• _TASK GOAL_
Your answer must consist of every line from the data below that includes the word "image".

Start of SOURCE RECORDS

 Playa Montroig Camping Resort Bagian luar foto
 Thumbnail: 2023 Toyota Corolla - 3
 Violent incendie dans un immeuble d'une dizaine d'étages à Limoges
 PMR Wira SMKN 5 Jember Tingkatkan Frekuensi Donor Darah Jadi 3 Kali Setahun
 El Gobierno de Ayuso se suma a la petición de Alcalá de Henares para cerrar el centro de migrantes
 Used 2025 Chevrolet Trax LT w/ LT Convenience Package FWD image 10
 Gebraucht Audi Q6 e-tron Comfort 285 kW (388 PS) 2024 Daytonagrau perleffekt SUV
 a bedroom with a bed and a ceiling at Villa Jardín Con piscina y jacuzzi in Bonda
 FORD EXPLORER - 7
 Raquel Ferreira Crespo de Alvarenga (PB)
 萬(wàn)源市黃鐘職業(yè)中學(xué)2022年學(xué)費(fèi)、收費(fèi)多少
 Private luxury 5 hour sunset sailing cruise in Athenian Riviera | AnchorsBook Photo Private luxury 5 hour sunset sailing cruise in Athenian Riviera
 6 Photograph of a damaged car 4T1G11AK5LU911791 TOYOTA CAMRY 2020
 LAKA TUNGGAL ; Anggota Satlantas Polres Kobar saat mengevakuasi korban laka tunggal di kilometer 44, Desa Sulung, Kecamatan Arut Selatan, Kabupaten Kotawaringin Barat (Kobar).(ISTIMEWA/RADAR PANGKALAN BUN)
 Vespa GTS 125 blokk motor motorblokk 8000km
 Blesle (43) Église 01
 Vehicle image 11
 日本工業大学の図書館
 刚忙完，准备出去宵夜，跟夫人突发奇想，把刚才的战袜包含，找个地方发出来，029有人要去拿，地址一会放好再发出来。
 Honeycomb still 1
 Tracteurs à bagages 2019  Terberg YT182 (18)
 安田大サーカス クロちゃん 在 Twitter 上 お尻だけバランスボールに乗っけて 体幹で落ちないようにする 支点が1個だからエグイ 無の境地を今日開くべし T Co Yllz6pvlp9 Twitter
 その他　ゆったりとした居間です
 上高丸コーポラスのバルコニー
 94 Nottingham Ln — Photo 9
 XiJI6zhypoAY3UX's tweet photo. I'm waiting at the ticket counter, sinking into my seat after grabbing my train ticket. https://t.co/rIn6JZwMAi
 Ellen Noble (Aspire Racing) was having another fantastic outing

End of SOURCE RECORDS

• _SOLUTION FOR THIS EXERCISE_
 Used 2025 Chevrolet Trax LT w/ LT Convenience Package FWD image 10
 Vehicle image 11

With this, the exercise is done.